This is just because we don't use spin_lock_irqsave(), right?

(Just checking my understanding.)

> +
> +	spin_lock(&partid_max_lock);
> +	if (!partid_max_init) {
> +		mpam_partid_max = partid_max;
> +		mpam_pmg_max = pmg_max;
> +		partid_max_init = true;
> +	} else if (!partid_max_published) {
> +		mpam_partid_max = min(mpam_partid_max, partid_max);
> +		mpam_pmg_max = min(mpam_pmg_max, pmg_max);
> +	} else {
> +		/* New requestors can't lower the values */
> +		if (partid_max < mpam_partid_max || pmg_max < mpam_pmg_max)
> +			err = -EBUSY;

What will actually happen here?  Will the arch code reject the
offending late secondary?

It feels a bit like we're reinventing part of cpufeatures here --
though I suppose the split between early and late CPUs is not the same
as for the kernel proper: the "MPAM early CPUs" are those that have
appeared by the time the last MSC probes, which can be a different
set than the kernel's early CPUs.  So I guess there is no choice but
to have some special logic here.

> +	}
> +	spin_unlock(&partid_max_lock);
> +
> +	return err;
> +}
> +EXPORT_SYMBOL(mpam_register_requestor);

As noted above, dead function (in this series)?

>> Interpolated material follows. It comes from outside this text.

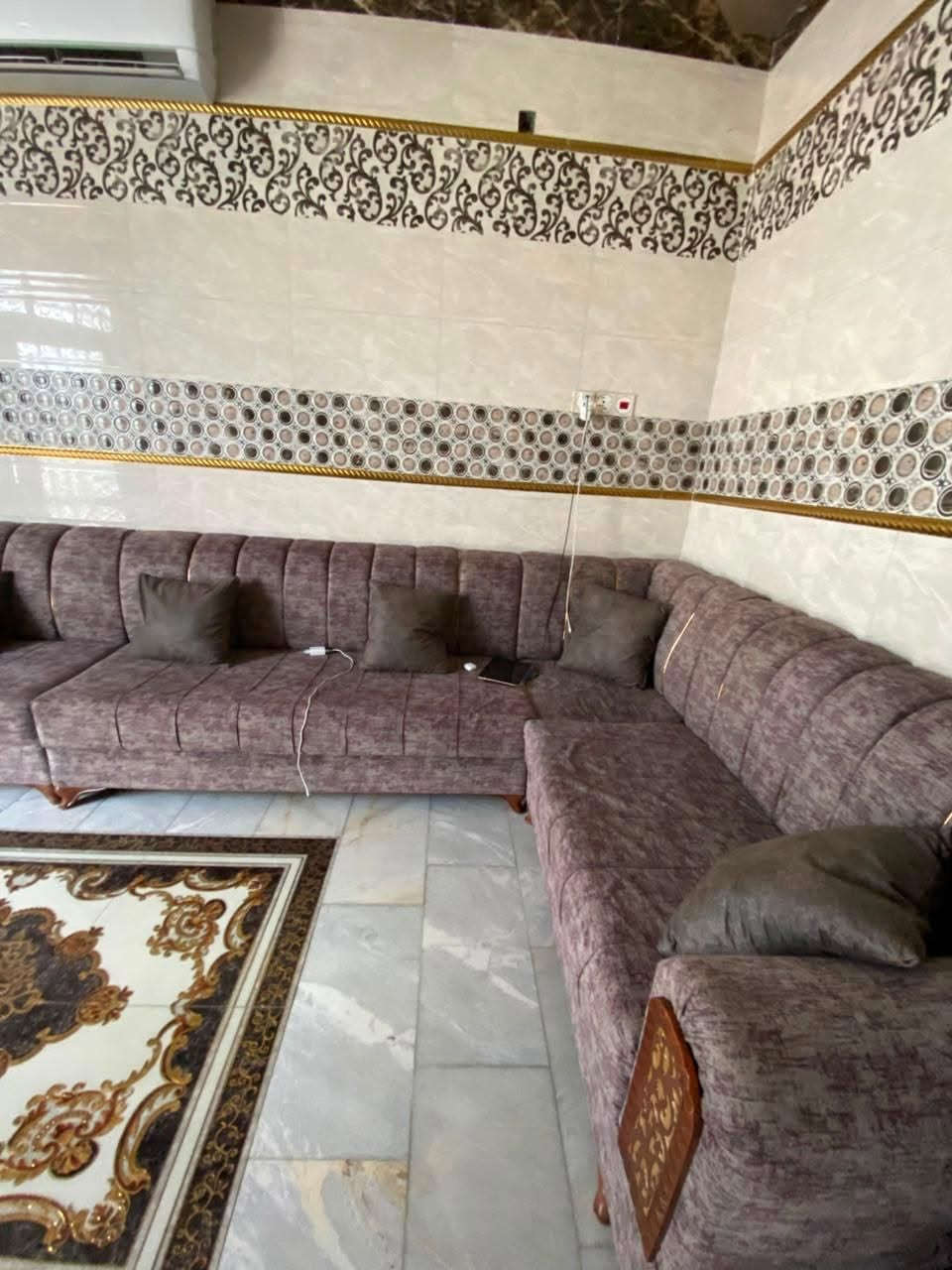 تخم ديوان للبيع المساحة ١٠ متر المكان نجف للإستفسار ***********
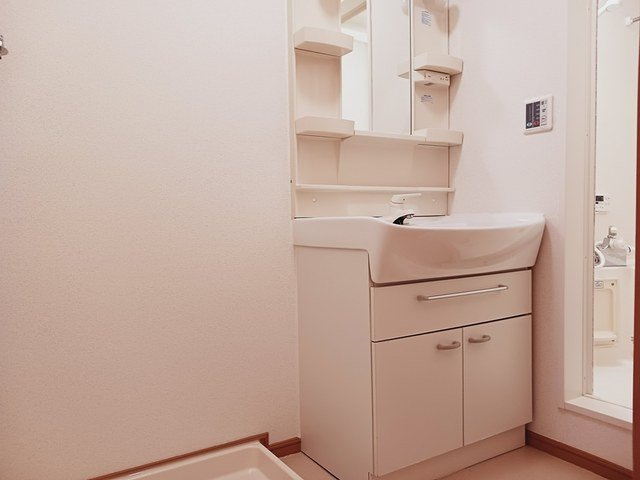 ゼファーⅣの洗面所|明るい洗面所です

Also, would it be better to split out the common core shared by this and
the last stanza of mpam_msc_hw_probe()?

(This common core would make sense in this series even if
mpam_register_requestor() is deferred.)

> +
>  #define init_garbage(x)	init_llist_node(&(x)->garbage.llist)
>  
>  static struct mpam_vmsc *
> @@ -520,6 +598,7 @@ static int mpam_ris_create_locked(struct mpam_msc *msc, u8 ris_idx,
>  	cpumask_or(&comp->affinity, &comp->affinity, &ris->affinity);
>  	cpumask_or(&class->affinity, &class->affinity, &ris->affinity);
>  	list_add_rcu(&ris->vmsc_list, &vmsc->ris);
> +	list_add_rcu(&ris->msc_list, &msc->ris);
>  
>  	return 0;
>  }
> @@ -539,10 +618,37 @@ int mpam_ris_create(struct mpam_msc *msc, u8 ris_idx,
>  	return err;
>  }
>  
> +static struct mpam_msc_ris *mpam_get_or_create_ris(struct mpam_msc *msc,
> +						   u8 ris_idx)
> +{
> +	int err;
> +	struct mpam_msc_ris *ris, *found = ERR_PTR(-ENOENT);
> +
> +	lockdep_assert_held(&mpam_list_lock);
> +
> +	if (!test_bit(ris_idx, msc->ris_idxs)) {

I was a bit puzzled by this.

A comment somewhere might help: if ris_idx wasn't already seen while
parsing firmware tables, then there is nothing to tell us what it
controls in the hardware: mark it as MPAM_CLASS_UNKNOWN.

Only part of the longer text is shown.